What you need to know

  • A potential new change arriving with Android 14 may prevent users from sideloading outdated apps on their devices.
  • Google is said to be planning to enforce stricter API limitations that will block apps that don’t meet minimum requirements.
  • Third-party app stores may also be unable to install apps that fall short of the upcoming guidelines.

The old practice of sideloading outdated apps onto older Android versions frequently leads to the spread of malware, but Google may be attempting to put a stop to it in the next version of its mobile operating system.

Code sleuths over at 9to5Google have spotted a change in the AOSP (Android Open-Source Project), which indicates that Android 13's successor will block the installation of outdated apps targeting older Android versions, regardless of the source. This means users won't be able to download certain outdated apps from the Google Play Store and third-party app stores, as well as perform sideloading, once Android 14 becomes public.

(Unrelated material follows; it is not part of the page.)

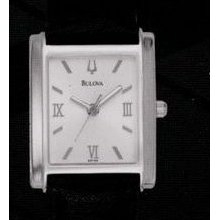 Bulova Ladies` Strap Corporate Collection Watch W/ Square Dial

Developers constantly need to update their apps to meet the Play Store's minimum API level requirements. Currently, Play Store guidelines require new apps to target at least Android 12 in line with a recent policy change introduced earlier this month. 

This prevents developers from releasing apps that target older Android versions, but users are still free to sideload outdated apps. That's because these requirements only apply to apps on the Google Play Store. For outdated apps that you've installed at some point in the past, it's still possible to download them again from the Play Store even if they don't comply with the minimum OS requirements.

However, this is likely to completely change with Android 14, if the code change is anything to go by. Google appears keen on making API requirements a bit stricter with the next-gen Android version, effectively preventing outdated apps from being downloaded from the Play Store or even sideloaded.

The goal is obviously to help stop the spread of malware, at least on Android phones, which is often done through the sideloading of outdated apps. Google will apparently initially block apps targeting older Android versions. The threshold will then be gradually raised to Android Marshmallow, with the minimum requirements expected to be updated as newer Android versions are released.

That said, the upcoming change is not a total ban on anyone's ability to sideload apps; this will still be possible through a command shell using a new flag. However, this process is a lot more complicated than simply sideloading an APK.